Lucknow/New Delhi, April 28 (IANS) The Allahabad High Court’s Lucknow Bench has dismissed a writ petition filed by a member of the transgender (Kinnar) community seeking judicial protection and territorial demarcation of customary “badhai” or “jajmani” rights in Uttar Pradesh’s Gonda district, holding that no person can claim a legal or fundamental right to collect money from individuals without sanction of law.
A Division Bench of Justices Alok Mathur and Amitabh Kumar Rai refused to grant relief to petitioner Rekha Devi, who had sought directions for declaring exclusive territorial jurisdiction for the collection of badhai from Kati ka Pul in Jarwal town to Ghaghra Ghat and up to Saryu Bridge in Colonelganj to avoid violent disputes within the community.
The petitioner argued that members of the Kinnar community had traditionally exercised customary rights to collect badhai on auspicious occasions and that overlapping territorial claims among different groups had triggered violent clashes, including murderous assaults and grievous injuries.

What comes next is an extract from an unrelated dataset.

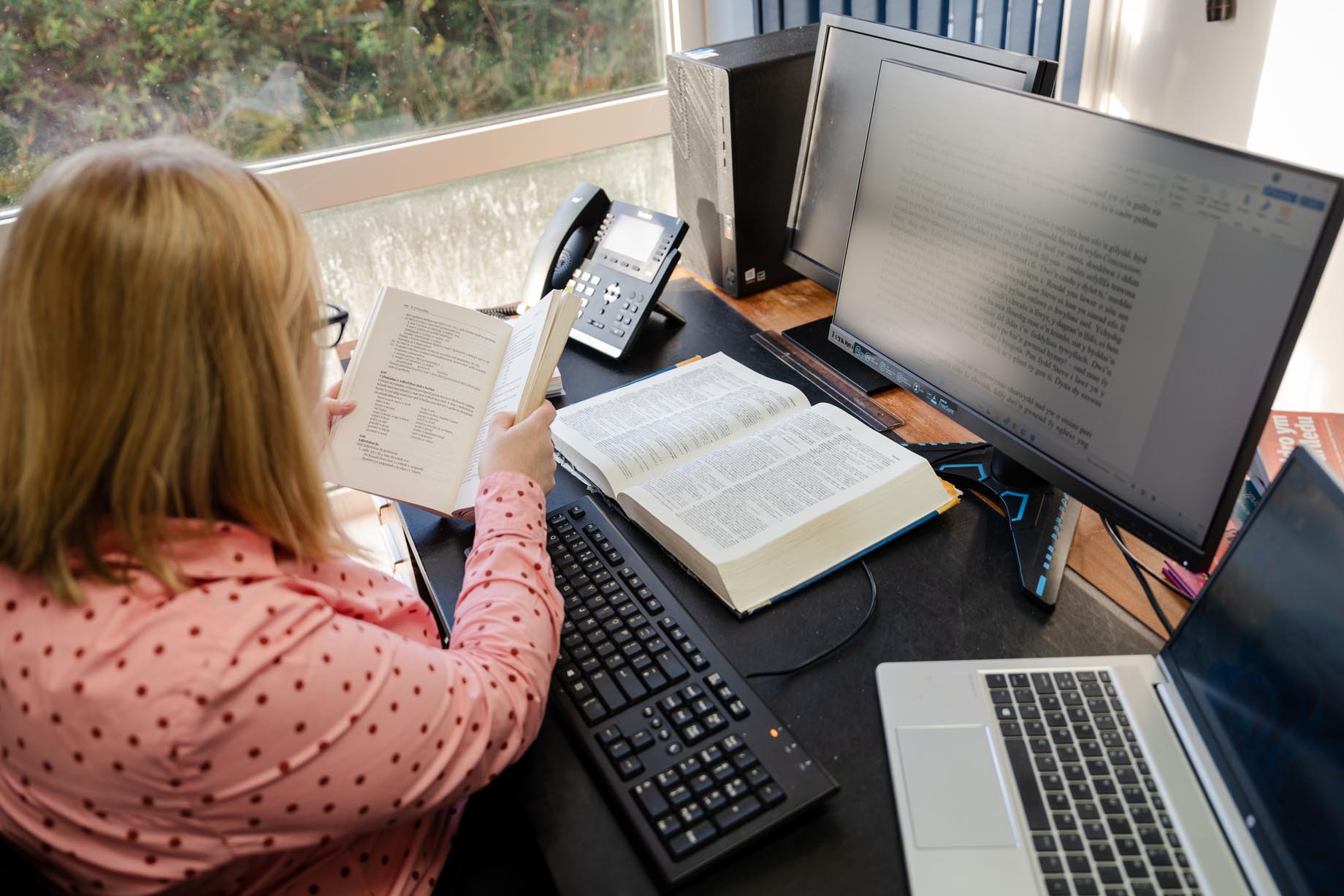 Member of Books Council staff at work at her computer, and using reference book.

Rejecting the plea, the Allahabad High Court held that such claimed customary rights cannot be legitimised in the absence of any statutory backing.
“Needless to say, there is no legitimate or legal backing permitting any person or individual from collecting / extracting any money, tax, fee or cess from any individual except in accordance with law. Such rights as sought by the petitioner are not recognized by law, and accordingly, the courts in their power under Article 226 of the Constitution of India cannot legitimize the acts of the petitioner without there being any backing of law,” the Justice Mathur-led Bench said.
It further observed that the extraction of money from citizens, whether voluntary or otherwise, cannot be judicially protected outside the framework of law.
“Extraction of money from any individual willfully or otherwise cannot be permitted to be made, and any citizen of this country can be directed to pay only such amounts of tax, cess or fee which can be legitimately extracted from such individuals in accordance with law,” the order stated.
The Allahabad High Court also recorded that neither the Transgender Persons (Protection of Rights) Act, 2019, nor any existing legal framework recognises or safeguards such territorial jajmani claims.
Observing that granting such relief would effectively legitimise extortion or illegal monetary extraction, the Justice Mathur-led Bench cautioned that judicial indulgence in such matters could create precedent for similar claims by unlawful groups.
“In case any indulgence is shown in the respect of the petitioner, there may be several other persons / gangs which may be operating and making illegal extraction / extortion from individuals, and such illegal extraction has never been sanctioned by law in this country and such extraction is an offence under the Bhartiya Nyaya Sanhita,” the Allahabad HC held, dismissing the writ petition as devoid of merit.